**Work required:**
Full transcription, minus images: write out the listing below exactly as it appears.
===== Material provided =====
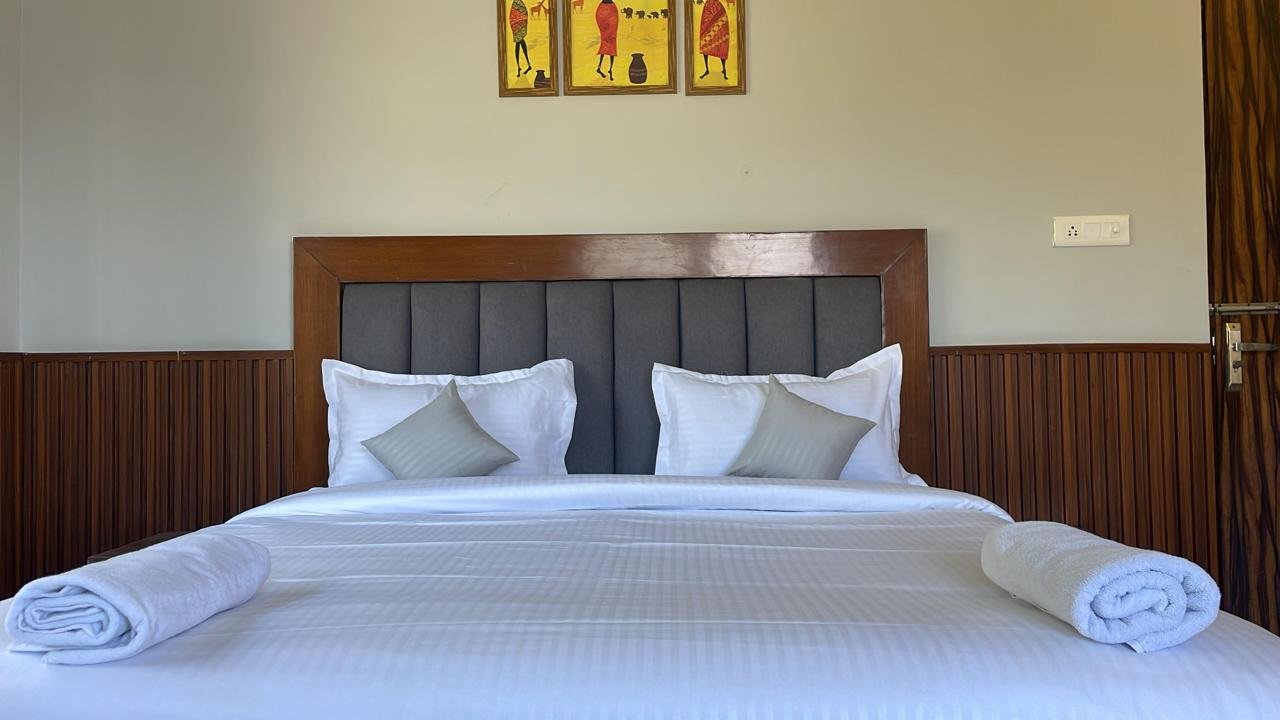 Cozy bedroom with wooden paneling and decorative artwork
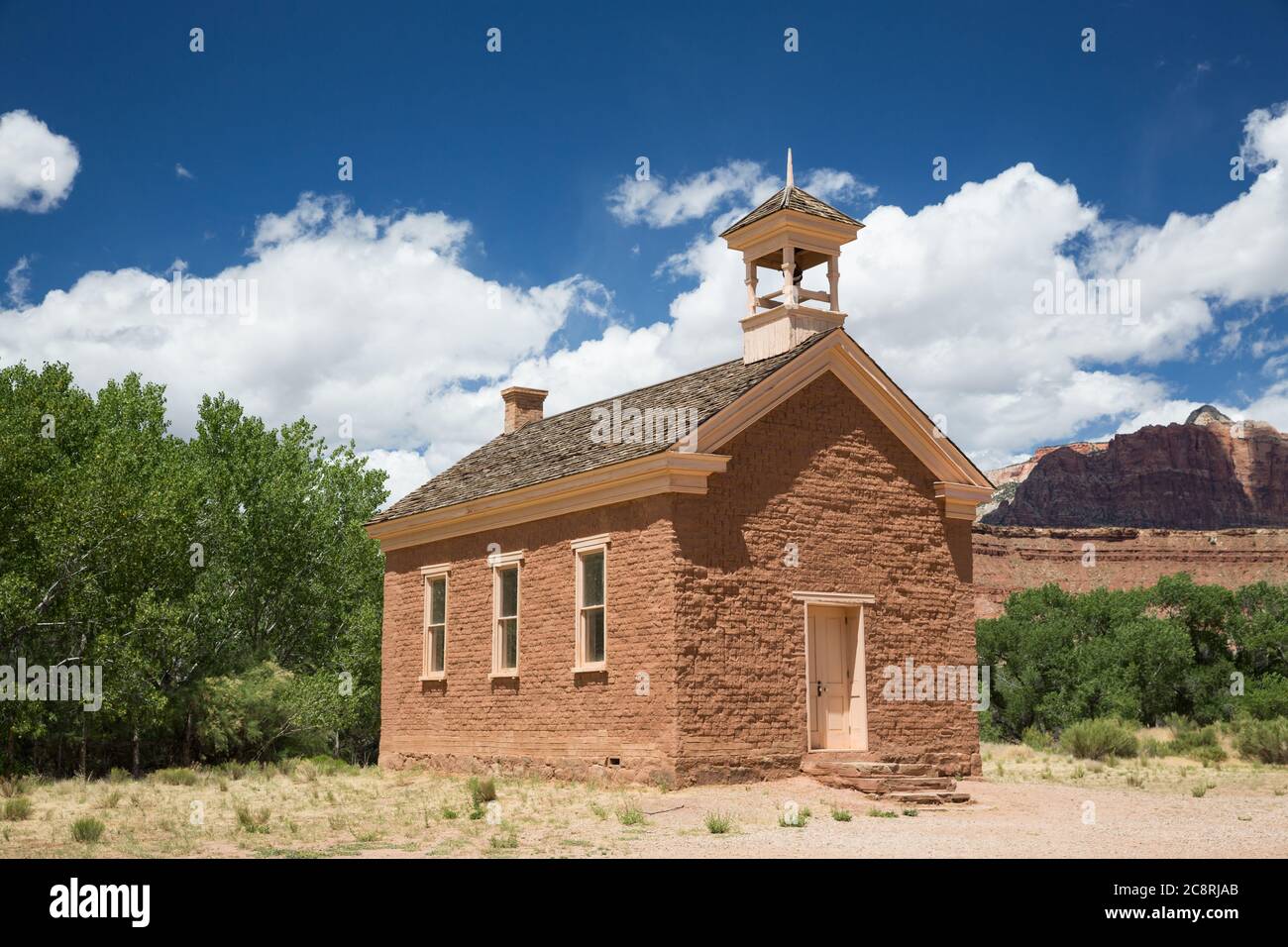 A small community school house leftover from the late 1800's in a small desert community, now an abandoned ghost town. Stock Photo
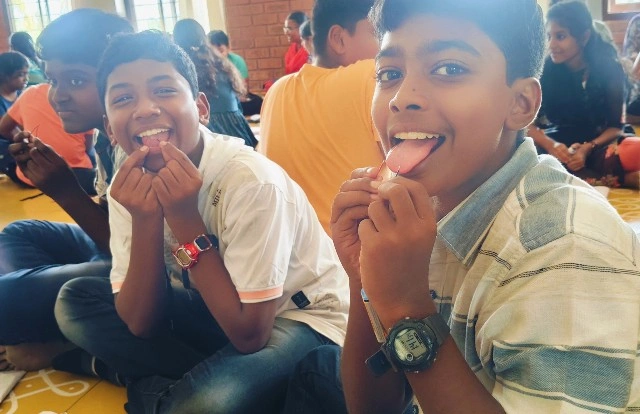 Students tasting electricity from a 9 volt battery!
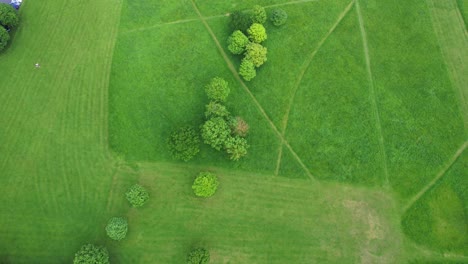 Backward-drone-shot-over-luxuriant-green-Phoenix-Park-in-Dublin,-Ireland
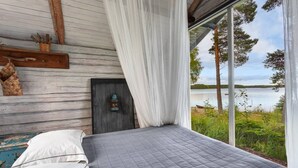 Un dormitorio con una cama, cabecera de madera, un farol y vistas a un lago.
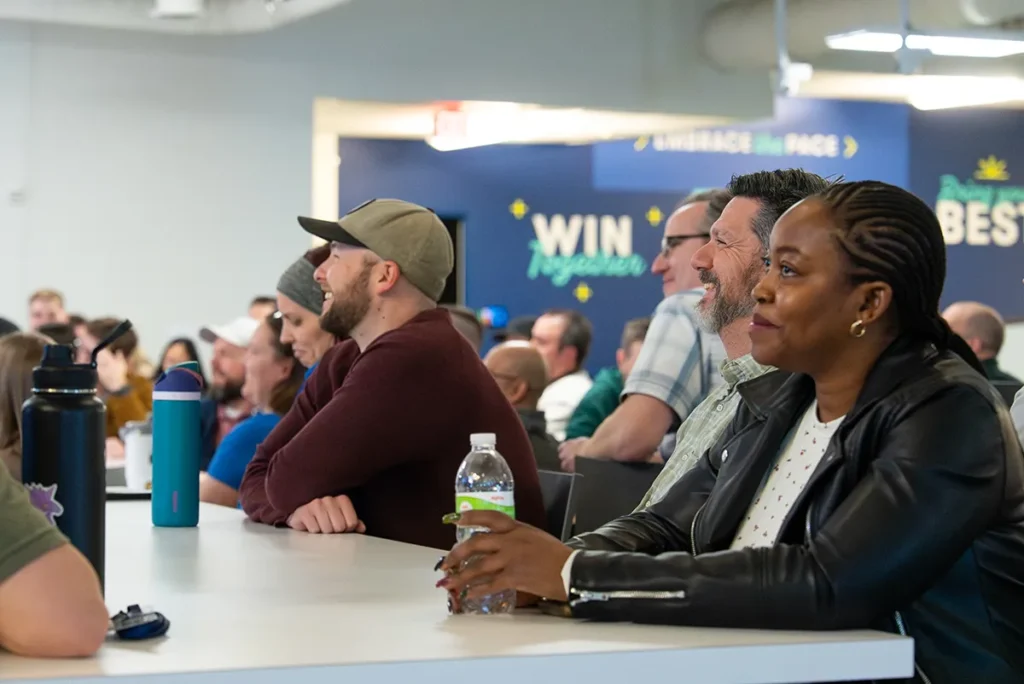 People seated at tables listening to a presentation in the Buildertrend break room.
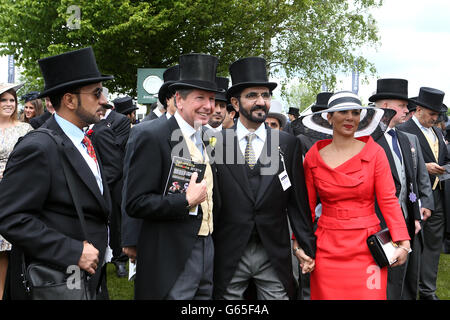 Sheikh Mohammed bin Rashid Al Maktoum (centre) with wife Princess Haya bint Al Hussein (right) talks to racing manager John Warren (second left) prior to the Investec Derby Stock Photo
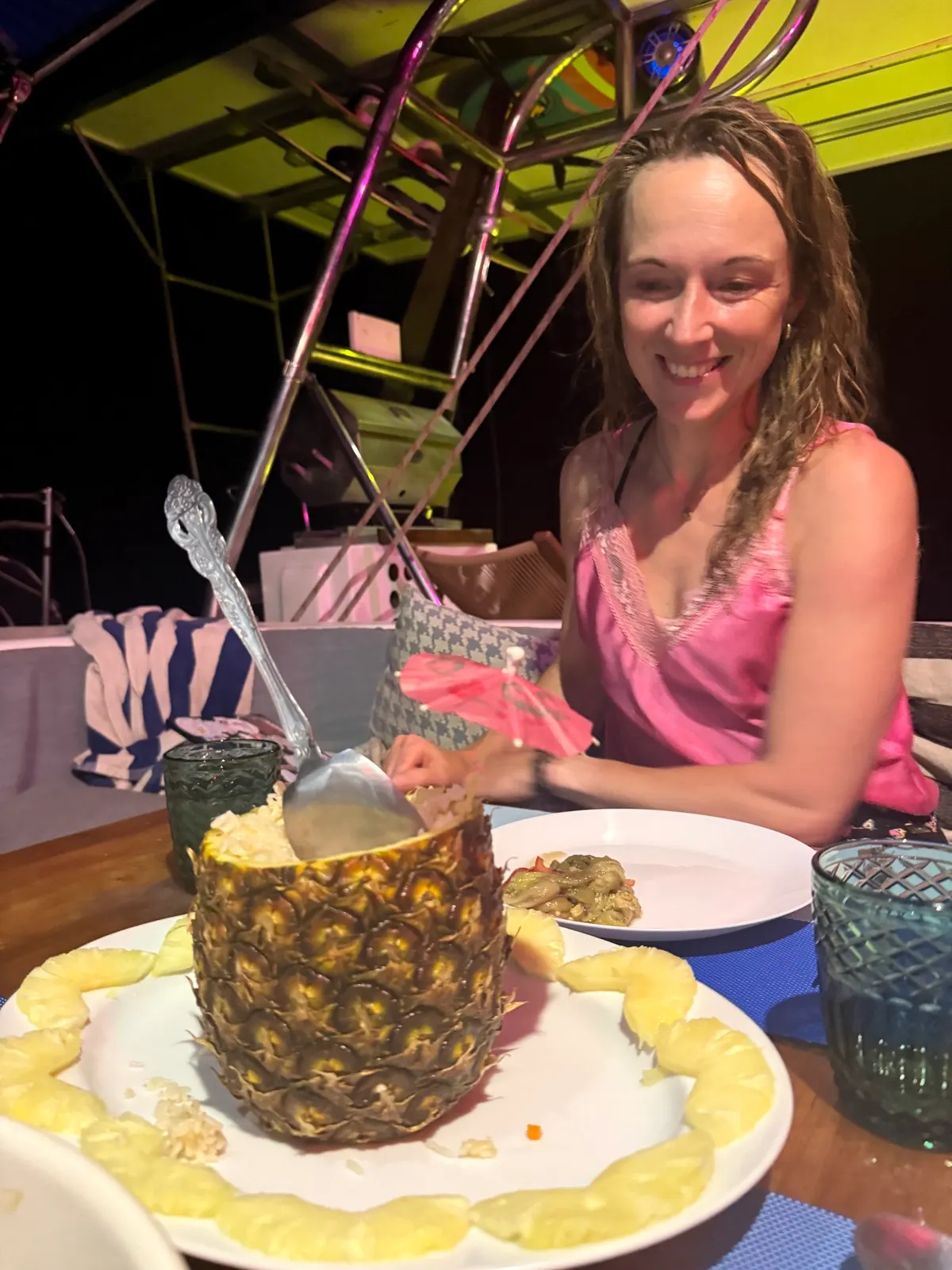 Woman with pineapple cocktail at night table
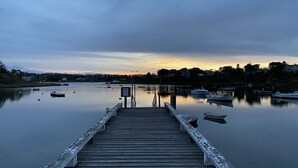 Une jetée en bois qui s’avance dans une étendue d’eau calme, avec des bateaux amarrés à proximité.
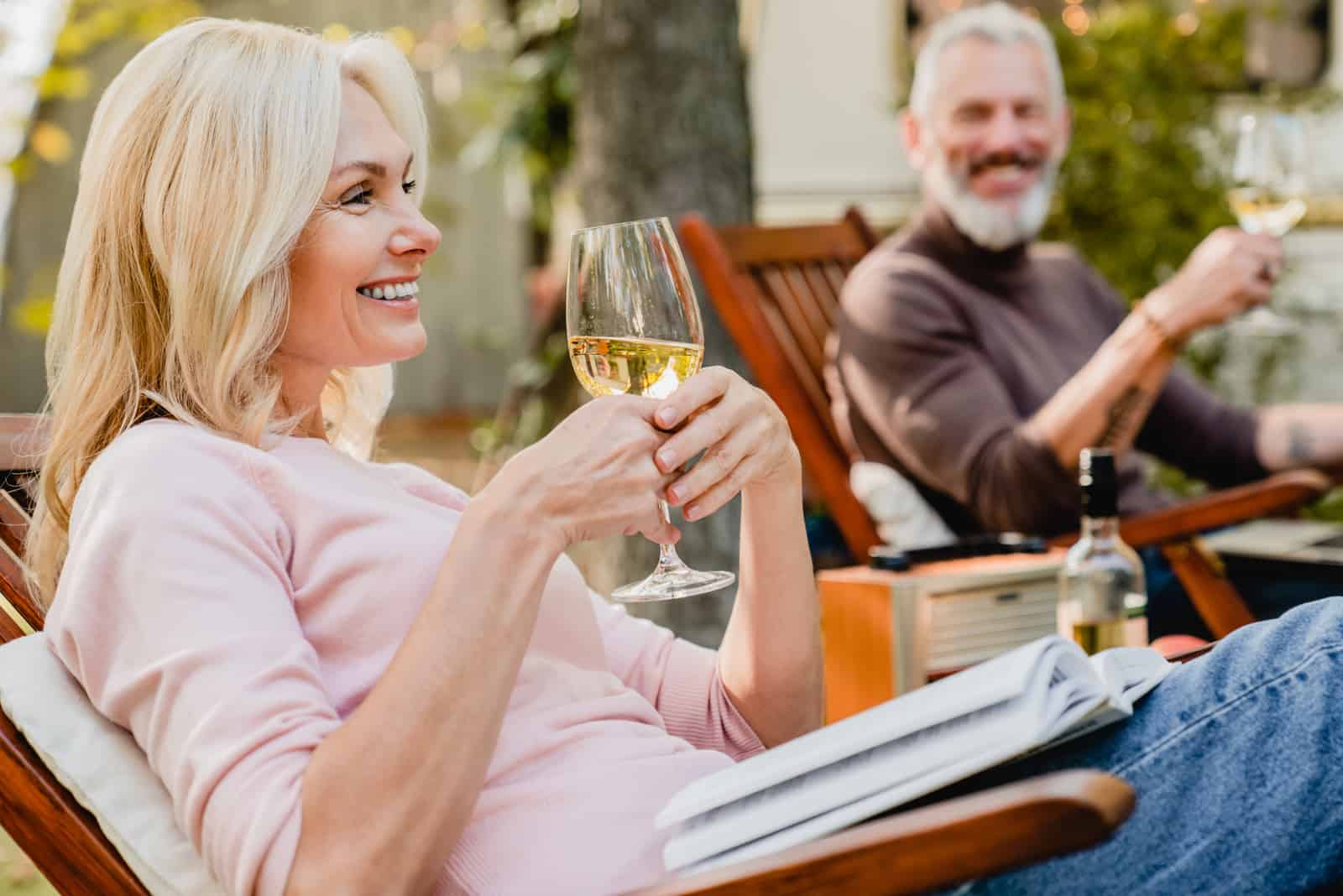 ein glückliches älteres Paar, das auf hölzernen Liegen sitzt und Wein trinkt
=====
**Reply to the exercise:**
 Cozy bedroom with wooden paneling and decorative artwork
 A small community school house leftover from the late 1800's in a small desert community, now an abandoned ghost town. Stock Photo
 Students tasting electricity from a 9 volt battery!
 Backward-drone-shot-over-luxuriant-green-Phoenix-Park-in-Dublin,-Ireland
 Un dormitorio con una cama, cabecera de madera, un farol y vistas a un lago.
 People seated at tables listening to a presentation in the Buildertrend break room.
 Sheikh Mohammed bin Rashid Al Maktoum (centre) with wife Princess Haya bint Al Hussein (right) talks to racing manager John Warren (second left) prior to the Investec Derby Stock Photo
 Woman with pineapple cocktail at night table
 Une jetée en bois qui s’avance dans une étendue d’eau calme, avec des bateaux amarrés à proximité.
 ein glückliches älteres Paar, das auf hölzernen Liegen sitzt und Wein trinkt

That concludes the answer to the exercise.